**Work task**
Please return every line from the entries that has the string "science" in it.

**Saved entries**
::::::::
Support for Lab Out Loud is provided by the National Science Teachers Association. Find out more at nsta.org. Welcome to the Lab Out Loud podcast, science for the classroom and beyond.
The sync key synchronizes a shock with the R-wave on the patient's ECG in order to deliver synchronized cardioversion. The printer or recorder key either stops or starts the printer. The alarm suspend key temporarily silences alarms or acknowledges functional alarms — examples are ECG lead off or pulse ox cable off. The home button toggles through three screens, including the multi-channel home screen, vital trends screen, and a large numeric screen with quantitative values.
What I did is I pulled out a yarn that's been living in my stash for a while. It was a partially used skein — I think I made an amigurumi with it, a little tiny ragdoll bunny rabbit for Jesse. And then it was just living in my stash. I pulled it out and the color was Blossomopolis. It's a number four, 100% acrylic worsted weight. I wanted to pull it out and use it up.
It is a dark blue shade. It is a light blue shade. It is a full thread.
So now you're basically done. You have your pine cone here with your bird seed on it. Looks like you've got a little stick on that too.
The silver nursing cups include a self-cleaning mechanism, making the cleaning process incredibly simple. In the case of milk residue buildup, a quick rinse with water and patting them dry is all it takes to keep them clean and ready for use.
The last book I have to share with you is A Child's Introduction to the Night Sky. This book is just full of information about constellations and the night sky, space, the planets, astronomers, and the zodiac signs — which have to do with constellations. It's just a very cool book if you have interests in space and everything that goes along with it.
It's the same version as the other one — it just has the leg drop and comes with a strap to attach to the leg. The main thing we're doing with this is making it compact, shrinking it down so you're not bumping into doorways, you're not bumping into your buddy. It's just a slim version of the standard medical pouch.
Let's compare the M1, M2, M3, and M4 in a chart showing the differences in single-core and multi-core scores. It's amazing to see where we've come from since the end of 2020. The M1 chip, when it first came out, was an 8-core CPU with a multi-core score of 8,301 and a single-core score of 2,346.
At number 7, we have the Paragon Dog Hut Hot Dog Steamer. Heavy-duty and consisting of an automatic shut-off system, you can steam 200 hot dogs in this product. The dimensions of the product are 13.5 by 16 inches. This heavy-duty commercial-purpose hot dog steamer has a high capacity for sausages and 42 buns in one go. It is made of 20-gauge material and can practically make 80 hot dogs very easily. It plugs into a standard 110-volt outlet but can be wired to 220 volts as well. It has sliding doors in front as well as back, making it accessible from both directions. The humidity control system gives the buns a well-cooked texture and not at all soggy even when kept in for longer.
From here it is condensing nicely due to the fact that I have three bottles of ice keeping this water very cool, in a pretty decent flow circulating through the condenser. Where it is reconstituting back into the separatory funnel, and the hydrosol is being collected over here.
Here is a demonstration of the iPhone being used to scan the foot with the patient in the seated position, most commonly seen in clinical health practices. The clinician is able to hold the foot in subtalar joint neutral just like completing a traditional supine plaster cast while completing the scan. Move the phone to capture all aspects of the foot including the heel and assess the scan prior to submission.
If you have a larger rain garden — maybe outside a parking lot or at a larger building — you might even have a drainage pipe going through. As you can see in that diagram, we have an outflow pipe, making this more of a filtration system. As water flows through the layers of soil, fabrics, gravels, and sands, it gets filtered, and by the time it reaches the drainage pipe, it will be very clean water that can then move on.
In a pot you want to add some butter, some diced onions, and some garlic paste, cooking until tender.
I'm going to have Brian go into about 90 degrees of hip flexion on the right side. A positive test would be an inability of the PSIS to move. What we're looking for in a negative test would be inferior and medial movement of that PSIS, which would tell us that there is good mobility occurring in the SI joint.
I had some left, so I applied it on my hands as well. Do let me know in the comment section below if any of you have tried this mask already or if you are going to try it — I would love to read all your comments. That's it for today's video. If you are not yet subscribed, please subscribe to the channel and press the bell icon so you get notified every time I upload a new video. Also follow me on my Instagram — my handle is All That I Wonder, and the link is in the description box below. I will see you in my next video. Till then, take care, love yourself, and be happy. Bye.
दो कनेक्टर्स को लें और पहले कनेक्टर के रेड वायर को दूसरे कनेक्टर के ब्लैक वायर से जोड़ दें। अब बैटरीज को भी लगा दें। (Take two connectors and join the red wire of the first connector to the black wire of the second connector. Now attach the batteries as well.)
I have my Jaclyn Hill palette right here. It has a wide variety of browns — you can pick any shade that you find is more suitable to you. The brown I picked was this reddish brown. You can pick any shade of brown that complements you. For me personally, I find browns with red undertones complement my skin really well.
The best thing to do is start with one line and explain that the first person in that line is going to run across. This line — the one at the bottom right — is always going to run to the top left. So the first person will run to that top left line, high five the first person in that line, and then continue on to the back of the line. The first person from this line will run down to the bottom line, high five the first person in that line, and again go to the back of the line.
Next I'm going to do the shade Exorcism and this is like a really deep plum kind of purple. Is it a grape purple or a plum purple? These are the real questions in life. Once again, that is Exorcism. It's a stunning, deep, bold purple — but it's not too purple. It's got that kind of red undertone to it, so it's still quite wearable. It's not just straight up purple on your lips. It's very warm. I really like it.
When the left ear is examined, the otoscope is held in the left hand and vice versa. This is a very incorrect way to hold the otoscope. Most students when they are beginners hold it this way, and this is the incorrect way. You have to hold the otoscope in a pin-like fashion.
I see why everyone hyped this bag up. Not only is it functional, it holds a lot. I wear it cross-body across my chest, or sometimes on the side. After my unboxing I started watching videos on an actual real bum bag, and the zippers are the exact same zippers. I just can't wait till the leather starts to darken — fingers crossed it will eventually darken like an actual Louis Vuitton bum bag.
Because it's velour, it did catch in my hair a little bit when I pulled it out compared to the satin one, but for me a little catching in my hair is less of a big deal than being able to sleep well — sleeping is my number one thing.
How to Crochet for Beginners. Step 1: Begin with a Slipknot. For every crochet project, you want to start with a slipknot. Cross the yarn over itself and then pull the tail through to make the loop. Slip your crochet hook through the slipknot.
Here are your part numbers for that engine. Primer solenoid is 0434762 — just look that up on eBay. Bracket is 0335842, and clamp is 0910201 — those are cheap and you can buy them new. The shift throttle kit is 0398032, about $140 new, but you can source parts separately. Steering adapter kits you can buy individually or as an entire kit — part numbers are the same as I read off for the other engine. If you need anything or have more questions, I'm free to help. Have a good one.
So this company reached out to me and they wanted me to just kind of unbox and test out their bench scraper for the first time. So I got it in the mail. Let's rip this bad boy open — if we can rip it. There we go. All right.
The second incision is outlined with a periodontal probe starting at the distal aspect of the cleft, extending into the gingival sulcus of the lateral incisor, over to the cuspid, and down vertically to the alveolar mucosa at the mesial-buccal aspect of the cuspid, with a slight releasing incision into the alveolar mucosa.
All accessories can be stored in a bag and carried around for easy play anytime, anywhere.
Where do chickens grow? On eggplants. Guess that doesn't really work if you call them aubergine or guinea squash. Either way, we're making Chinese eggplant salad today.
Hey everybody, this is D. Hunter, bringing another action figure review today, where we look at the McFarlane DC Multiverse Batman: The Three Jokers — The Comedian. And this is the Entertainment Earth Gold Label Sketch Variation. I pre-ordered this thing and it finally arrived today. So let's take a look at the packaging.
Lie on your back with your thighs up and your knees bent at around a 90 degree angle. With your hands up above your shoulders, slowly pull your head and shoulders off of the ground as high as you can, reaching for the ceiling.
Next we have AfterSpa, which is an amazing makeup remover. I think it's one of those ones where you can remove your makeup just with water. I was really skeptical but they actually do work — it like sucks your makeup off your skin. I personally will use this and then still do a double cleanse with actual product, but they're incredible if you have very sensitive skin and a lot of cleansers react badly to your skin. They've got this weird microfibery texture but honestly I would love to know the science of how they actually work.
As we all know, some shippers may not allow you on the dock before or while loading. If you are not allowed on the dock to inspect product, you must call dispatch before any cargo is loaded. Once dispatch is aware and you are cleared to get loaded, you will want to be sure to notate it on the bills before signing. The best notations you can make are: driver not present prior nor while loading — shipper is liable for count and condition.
::::::::
**Exercise output**
Support for Lab Out Loud is provided by the National Science Teachers Association. Find out more at nsta.org. Welcome to the Lab Out Loud podcast, science for the classroom and beyond.
Next we have AfterSpa, which is an amazing makeup remover. I think it's one of those ones where you can remove your makeup just with water. I was really skeptical but they actually do work — it like sucks your makeup off your skin. I personally will use this and then still do a double cleanse with actual product, but they're incredible if you have very sensitive skin and a lot of cleansers react badly to your skin. They've got this weird microfibery texture but honestly I would love to know the science of how they actually work.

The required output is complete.